UM HOMEM ENVOLTO NO MUNDO
Sou um homem que desistiu de muita coisa na vida. Talvez desista de outras. Pela paz de espírito? Oficialmente é uma resposta boa. A verdade é que me cansa muito não desistir. Como cantou Belchior, não estou interessado em nenhuma teoria.
Utopia para mim seria uma cabana no meio da floresta, longe demais das catedrais, do tráfego de pessoas e automóveis. Algum lugar que esteja longe demais do interesse humano. Dos protocolos e manuais. De receber e gastar salário. De ser contribuinte e um nome na receita federal.

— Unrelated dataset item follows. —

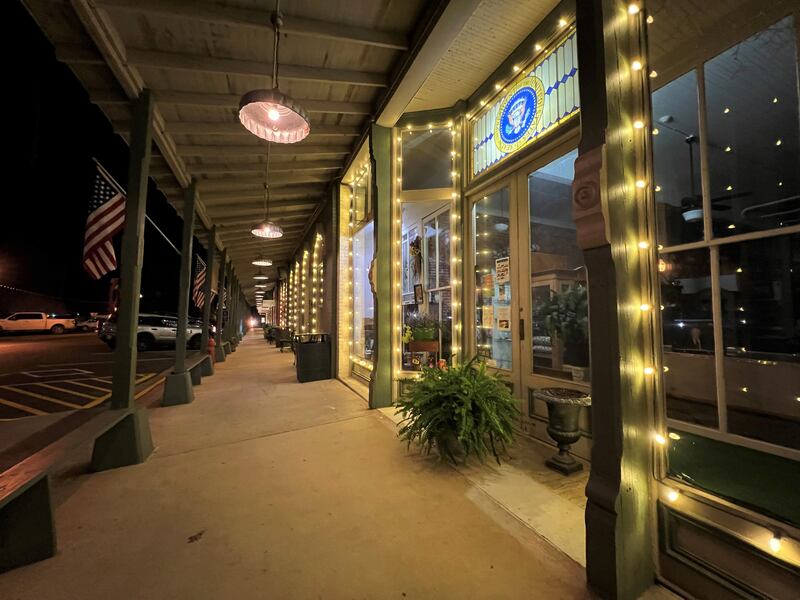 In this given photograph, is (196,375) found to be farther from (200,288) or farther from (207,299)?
(200,288)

Os folguedos da política, as peripécias sociais, a etiqueta, a formulação sobre o cosmo. Tudo continua sem exercer encanto sobre o que ainda sou. Assim sigo. Se sou regido por algum mapa astral ou sistema econômico pouco me interessa. Se sou o alienado ou o sábio por se calar, decidam e não precisam me informar da decisão.
Entre um dia de sol e uma noite de tempestade, sou o que dorme ao som dos trovões. Há um tipo estranho de alívio em mim quando estou dormindo. Todos os meus chacras se alinham e o zodíaco parece fornecer álibi à minha apatia.

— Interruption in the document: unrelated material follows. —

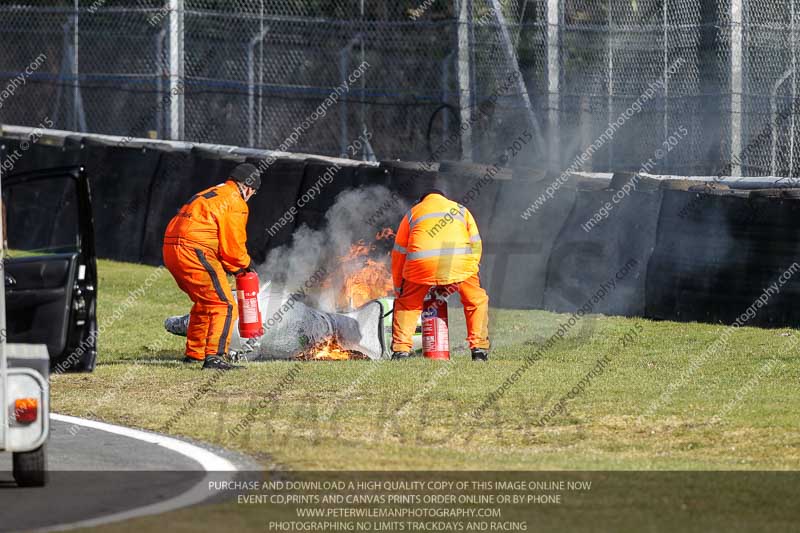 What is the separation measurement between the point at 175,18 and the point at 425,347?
8.59 metres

Sou o que não se alimenta com o néctar das vaidades. Não sei o que me governa. Minhas vontades são poucas. Pouco uso tenho feito das filosofias e metáforas abundantes do mundo. Sou um péssimo ator de mim mesmo. Meu personagem é figurante e não ambiciona muito mais que isso.
Sou um homem que não se convulsiona com as dores do mundo. Não mais. Sou estrangeiro de qualquer pátria. Sou o visitante que se esbarra no convidado. Sou apostata de qualquer fé. Sou o avesso de um missionário.
E assim sigo. Sem máscara, sem palco, sem legado. Sem muito ênfase. Apenas um homem que dobra a esquina e de repente é um vulto na escuridão.